Although Mat Brooke and Jenn Ghetto formed Carissa's Wierd in Tucson in the mid-'90s—they're natives—they found their footing once they settled in Seattle, becoming one of the most revered acts in the Pacific Northwest until splitting up in 2003. Ghetto continues to record under the name S, while Brooke helped Ben Bridwell, another Carissa's Wierd veteran, get his Band of Horses running before forming Grand Archives.
Perhaps if they had signed that Sub Pop contract that they turned down, the band's popularity in the Pacific Northwest would have been matched in the rest of the country. Hardly Art, a Sub Pop subsidiary, will soon reissue the original albums, but the initial shot out of the canon (pun intended) is this 16-song anthology.

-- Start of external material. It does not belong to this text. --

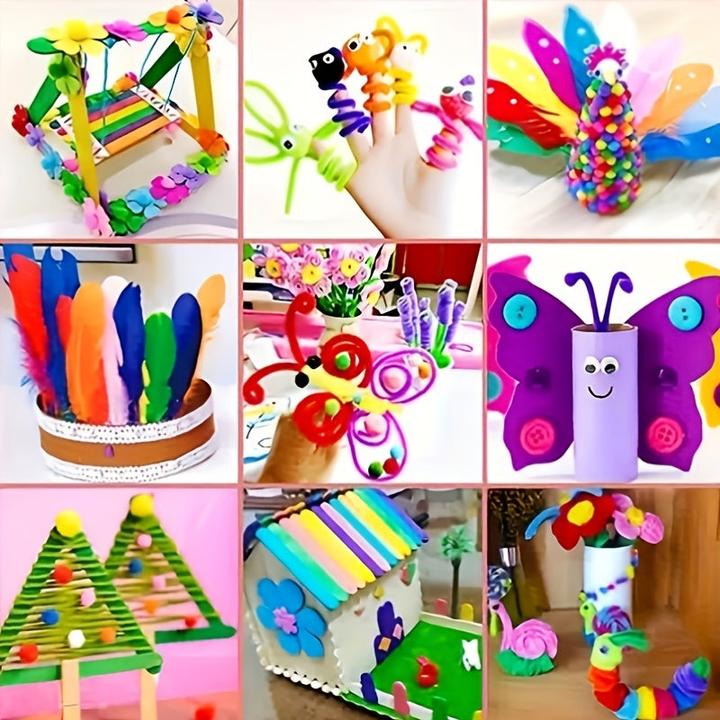 Actual product image Activity Board Craft supplies School Kindergarten Home Arts and crafts DIY Toys Creative products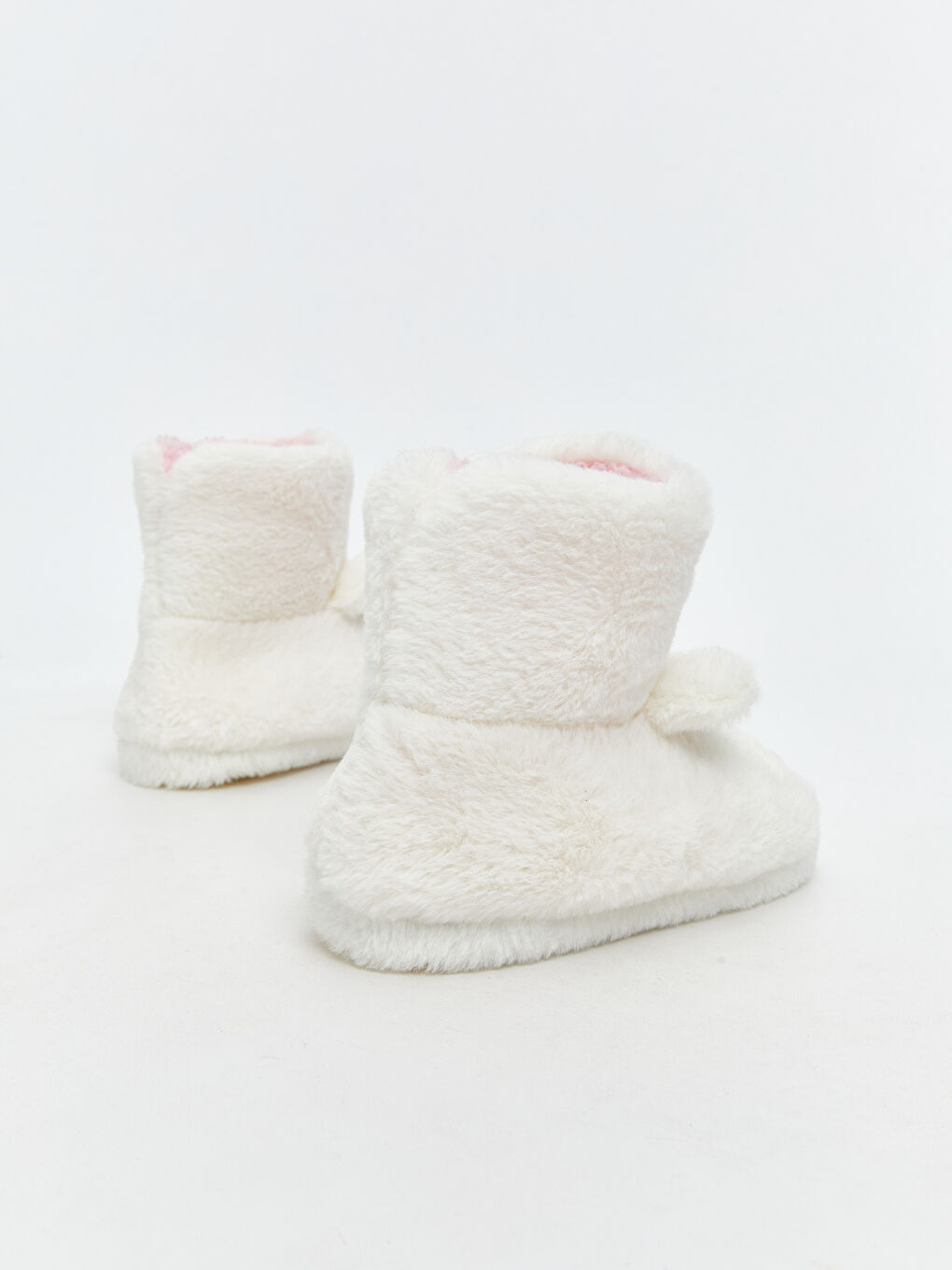 Ekru Hayvan Nakışlı Kız Bebek Ev Botu-4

Though Carissa's Wierd's arrangements got more complex as they progressed and added members, there is a hushed beauty that runs throughout these songs. Brooke and Ghetto's voices rarely rise above a whisper (they're best when they sing together), and there's a lovely balance of resignation and determination. The melodies may be delicate, but the mood is heavy with loss, longing and hope. That they're able to pull off dynamic changes within those confines is remarkable: Check out the way "The Color That Your Eyes Changed With the Color of Your Hair" dramatically builds in its 5 1/2 minutes. And if you're not mesmerized by the interplay between Brooke and Ghetto's countermelodies on "Die," chances are you never much cared for Elliott Smith, either.